What you need to do: Starting at the line below with "Hak博士-危及生命的骨盆骨折出血如何处理？" and stopping at the line with "Основные этапы внутриканального", please print each line exactly, those two included, and skip every picture.

Task inputs:
◆ ◆ ◆

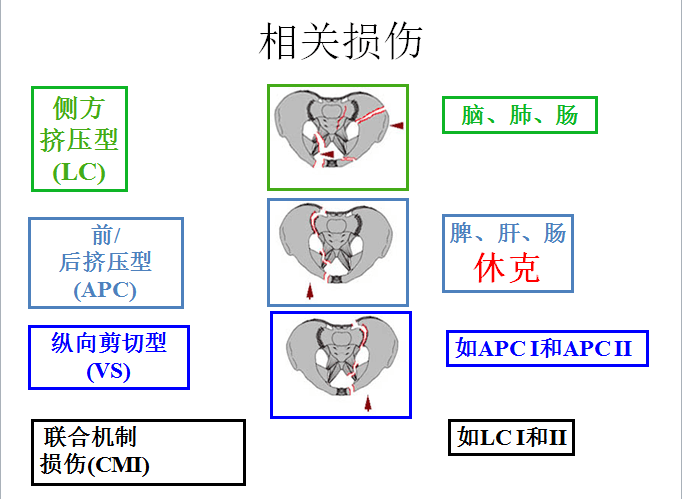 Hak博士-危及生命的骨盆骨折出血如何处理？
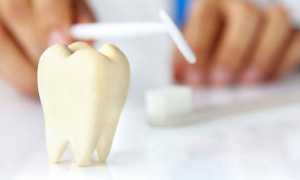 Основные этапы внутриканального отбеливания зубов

◆ ◆ ◆

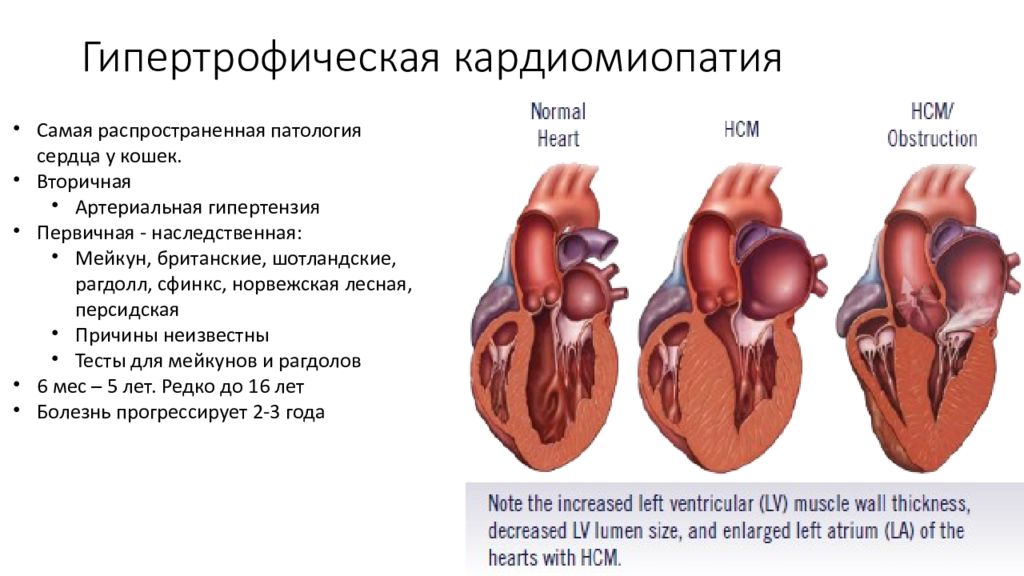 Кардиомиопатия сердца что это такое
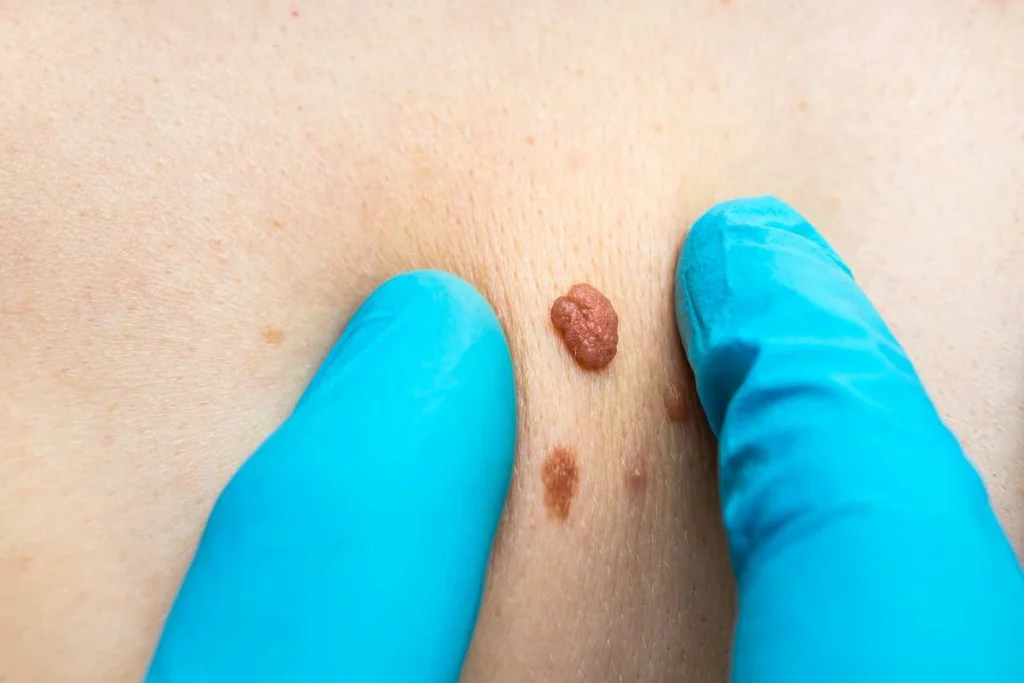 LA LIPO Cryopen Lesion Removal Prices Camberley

◆ ◆ ◆

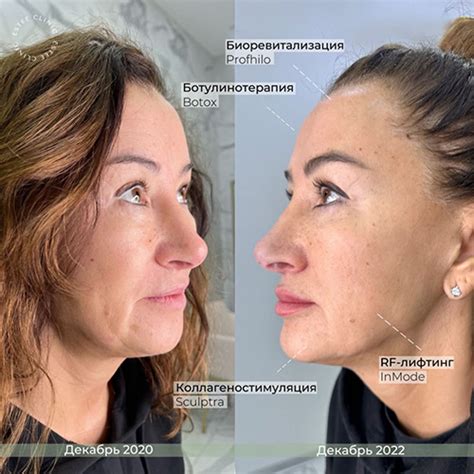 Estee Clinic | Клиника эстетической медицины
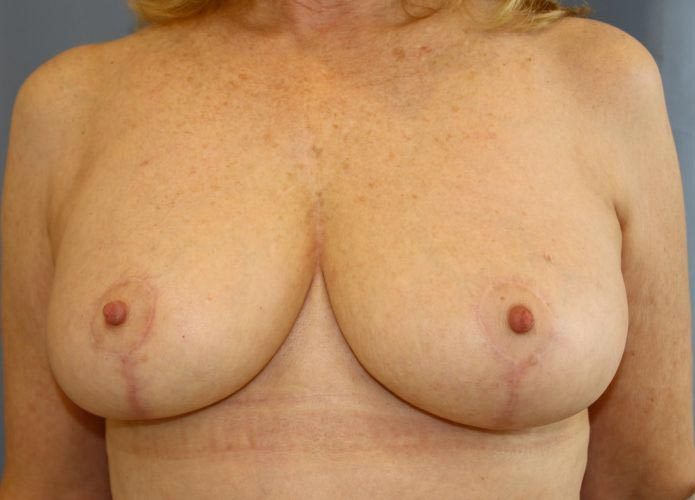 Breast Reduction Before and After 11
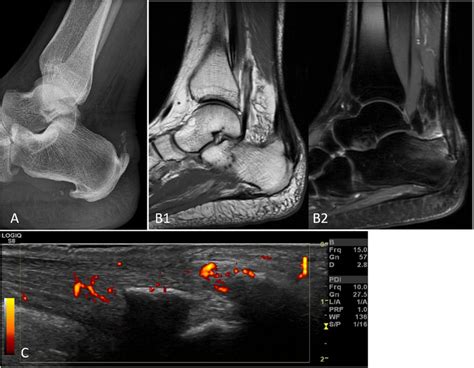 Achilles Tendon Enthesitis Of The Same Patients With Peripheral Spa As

◆ ◆ ◆

Answer box:
 Hak博士-危及生命的骨盆骨折出血如何处理？
 Основные этапы внутриканального отбеливания зубов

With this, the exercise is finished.